What does it mean that a token is a ledger representation?
The easiest mistake is to picture a token as a little digital object moving around the network. That is often good enough for casual conversation, but mechanically it is misleading. In most systems, what actually changes is a ledger entry: one account’s balance goes down, another’s goes up; one identifier now maps to a new owner; one vault share count increases while underlying assets are deposited.
So the core of a token is not the “thing” itself. The core is a state transition rule for a ledger. That rule answers questions like: who owns how much, what makes units interchangeable or distinct, who is allowed to create or destroy supply, and what interface outside applications can rely on when they interact with it.
This is why a broad, implementation-neutral definition is useful. The Token Taxonomy Framework describes a token as a digital representation of some shared value. That value may be purely digital, or it may be a receipt, title, or claim tied to something outside the chain. The same definition covers a stablecoin, a concert ticket, an NFT deed, a vault share, or a tokenized claim on real-world collateral. What changes is not the basic idea, but the rules attached to the representation.
That framing also explains why “token” is broader than “cryptocurrency.” A chain’s native asset, such as ETH or SOL, is part of the base protocol. A token is usually an asset represented within that system using its asset machinery. Sometimes that machinery is a smart contract, as with many Ethereum tokens. Sometimes it is a ledger-native feature, as with Cardano native assets. Either way, the token is a formally tracked representation of value.
Why do shared interpretation and token standards make tokens useful?
A token only becomes valuable in practice when many independent pieces of software interpret it the same way. If a wallet thinks a transfer succeeded, but an exchange parses the contract differently, or a lending market cannot tell whether approval works, the token is technically live but economically isolated.
This is why token standards matter so much. Ethereum’s documentation puts the point plainly: token standards define how tokens behave and interact across the ecosystem, making them easier to build and ensuring they work with wallets, exchanges, and DeFi platforms. The deeper reason is composability. A standard turns a custom asset into a predictable component.

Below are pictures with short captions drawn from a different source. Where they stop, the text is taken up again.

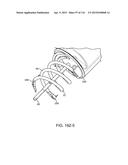 METHOD FOR PROVIDING SURGICAL ACCESS diagram and image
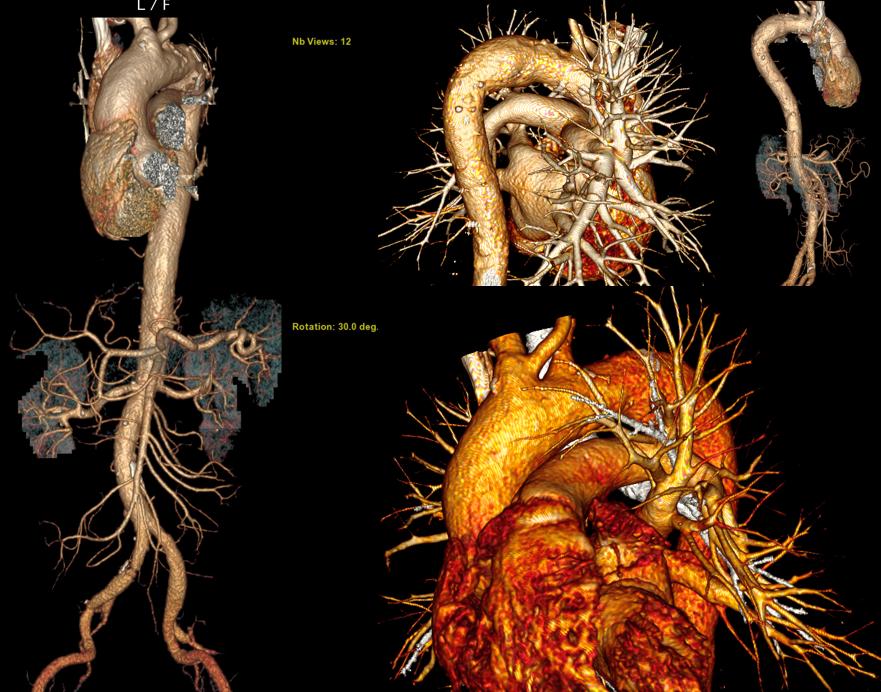 主动脉疾病的仿真三维ct发现病变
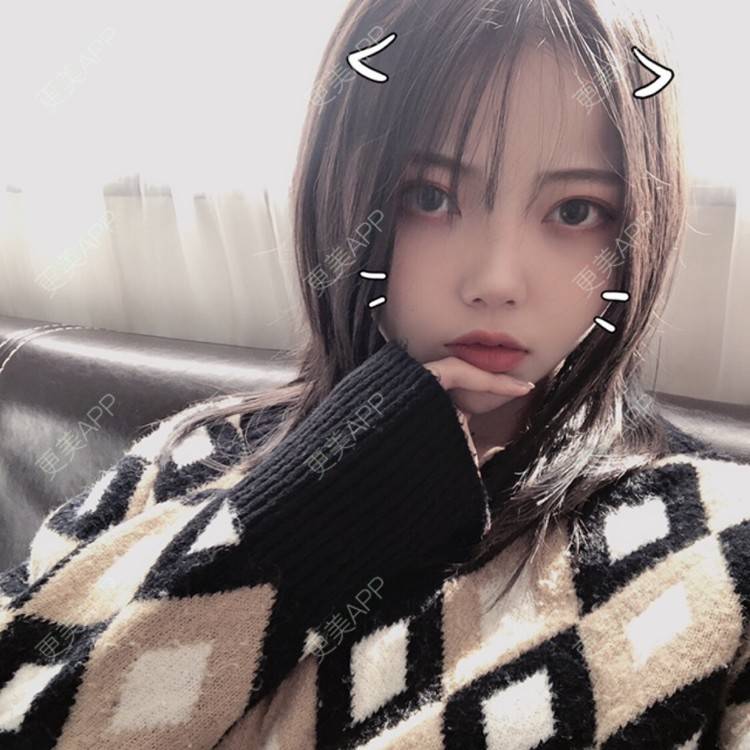 更美 - . Kylla rrrrr🔻的玻尿酸面颊经验 | 上海 | 玻尿酸面颊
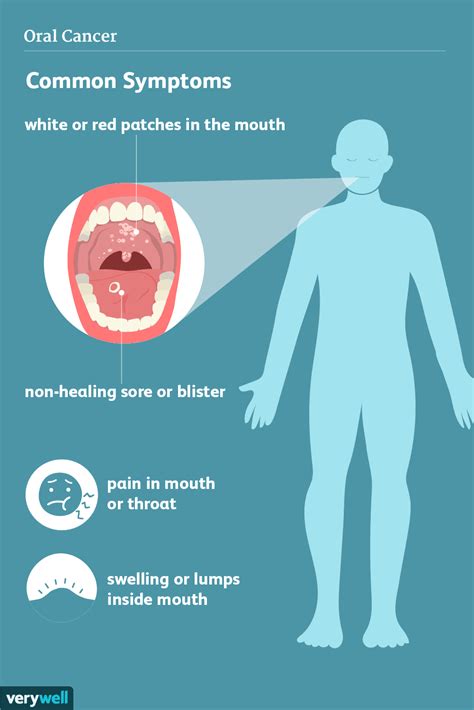 What are 5 signs of oral cancer?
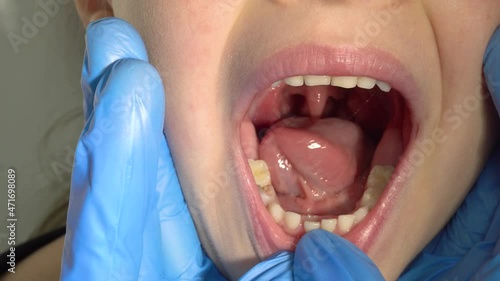 A doctor in blue gloves examines the child's mouth, the tooth is wobbling, followed by a new tooth.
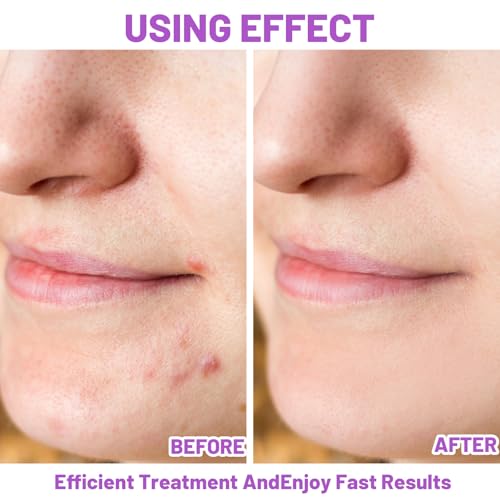 Acid Face Cream for Acne Prone Skin, Skin Brightening & Pigmentation Treatment, 20g/2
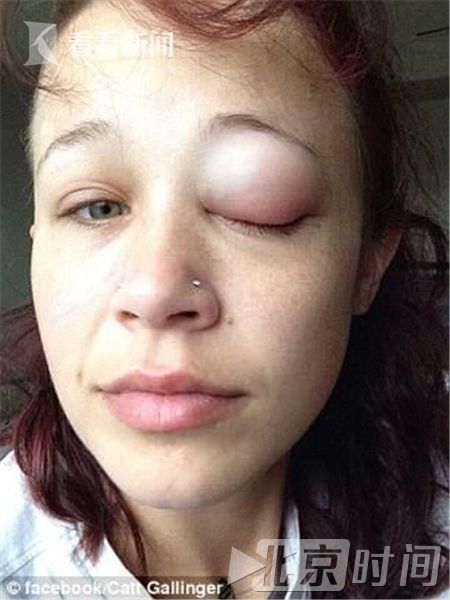 纹眼球失败眼睛肿胀流水睁不开 妙龄女欲摘除眼球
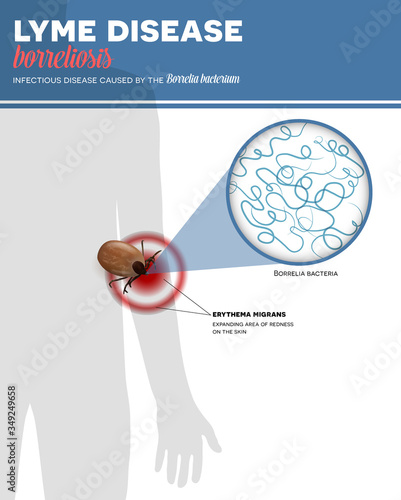 Lyme borreliosis infection caused by tick bite, colorful info poster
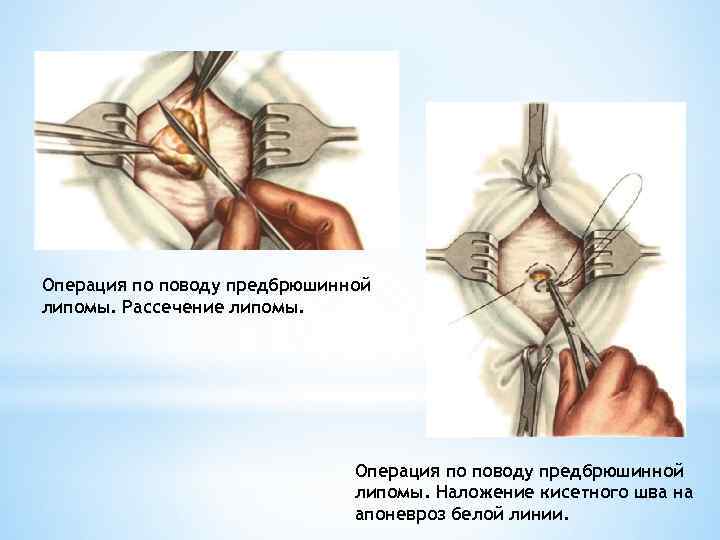 Операция по поводу предбрюшинной липомы. Рассечение липомы. Операция по поводу предбрюшинной липомы. Наложение кисетного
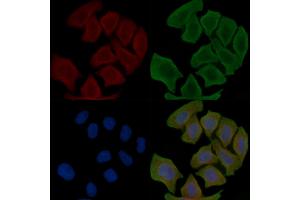 ABIN6266215 and ABIN6277373 staining Hela cells(30 min of UV treatment) by IF/ICC. (Connexin 31 Antikörper  (C-Term))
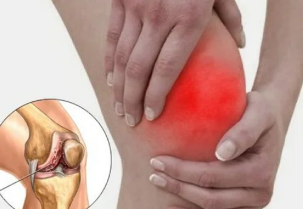 What happens when rheumatoid arthritis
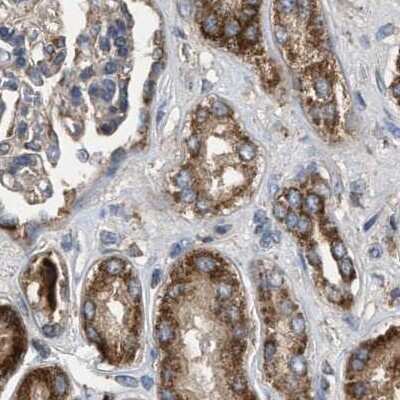 Immunohistochemistry-Paraffin: CCDC44 Antibody [NBP1-88162]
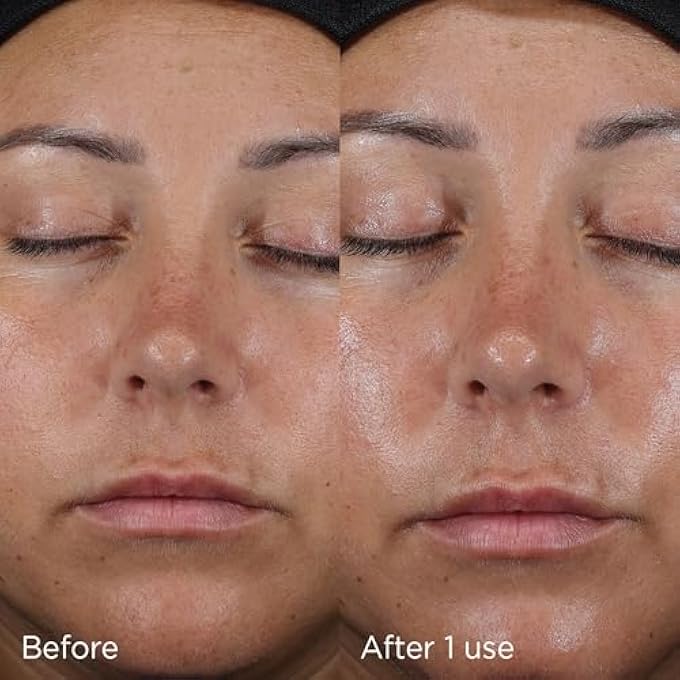 IMAGE SKINCARE , DAILY PREVENTION ULTRA DEFENSE FACE MOISTURISER SPF 50 SUNSCREEN LOTION, RADIANCE BOOSTING GLOW, NO WHITE CAST, 73 G - Image 4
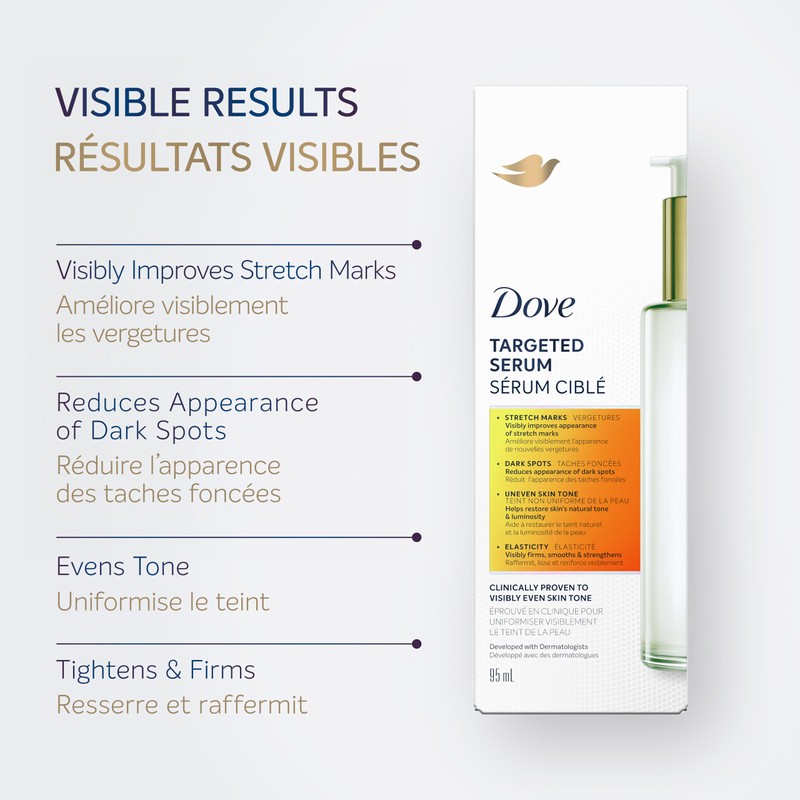 Dove Targeted Stretch Mark Serum: Reduces Dark Spots, Firms &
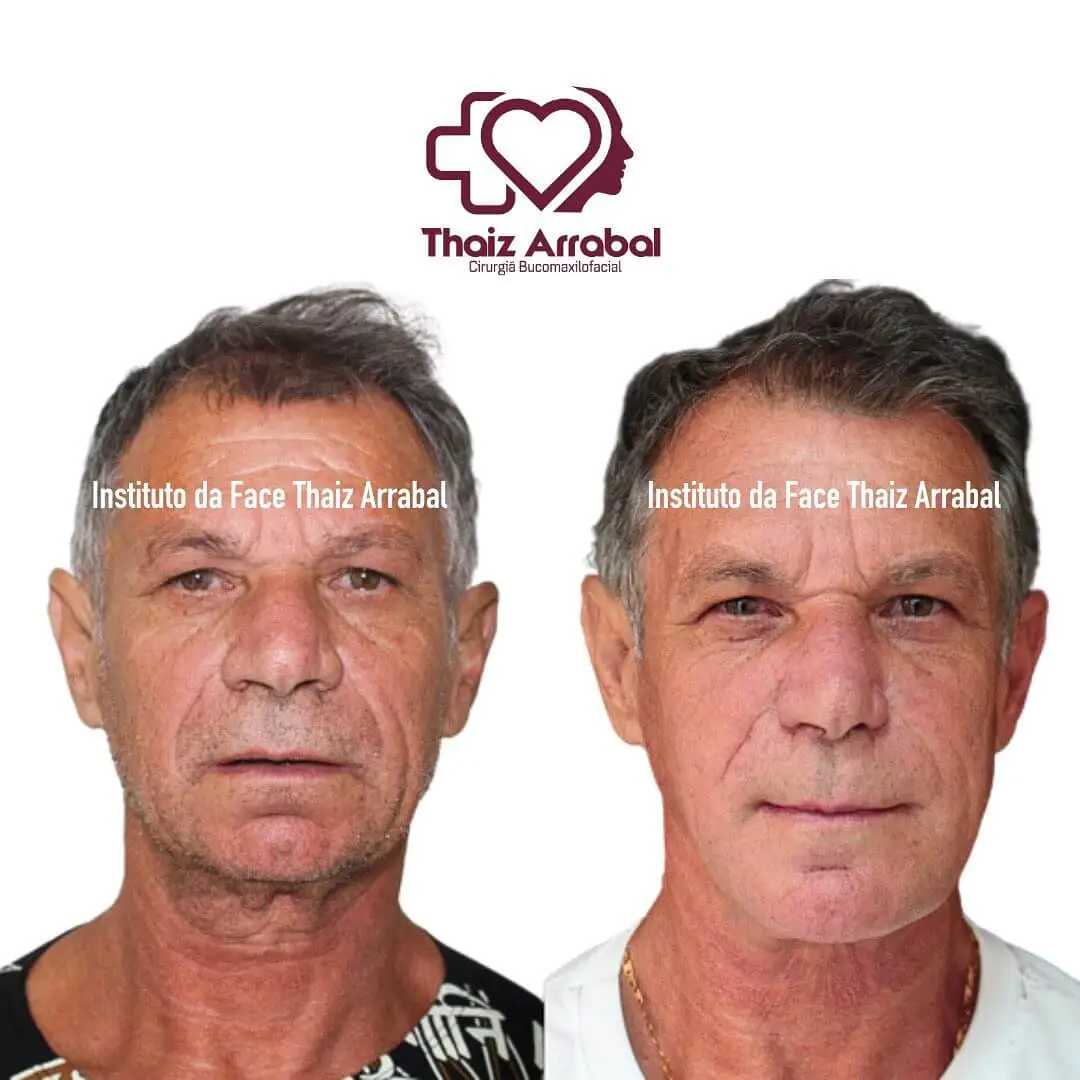 Antes e depois — registro clínico 9 do Instituto da Face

Here is the mechanism. Suppose a new fungible token follows ERC-20. A wallet already knows how to ask for a balance. An exchange already knows how to request delegated spending through approve and transferFrom. Indexers already know to watch Transfer events. None of these integrations need bespoke code for that one project. The token plugs into an existing software environment because its behavior is legible in advance.
Without standards, every token would be a custom integration problem. With standards, the ecosystem can scale. That is why ERC-20, ERC-721, and ERC-1155 are so important on Ethereum, why cw20 matters in CosmWasm, and why Solana’s SPL Token program gives applications a common base implementation. The specifics differ by platform, but the underlying purpose is the same: make asset behavior predictable enough that other software can safely compose with it.
How do fungible and non‑fungible tokens differ in accounting and integration?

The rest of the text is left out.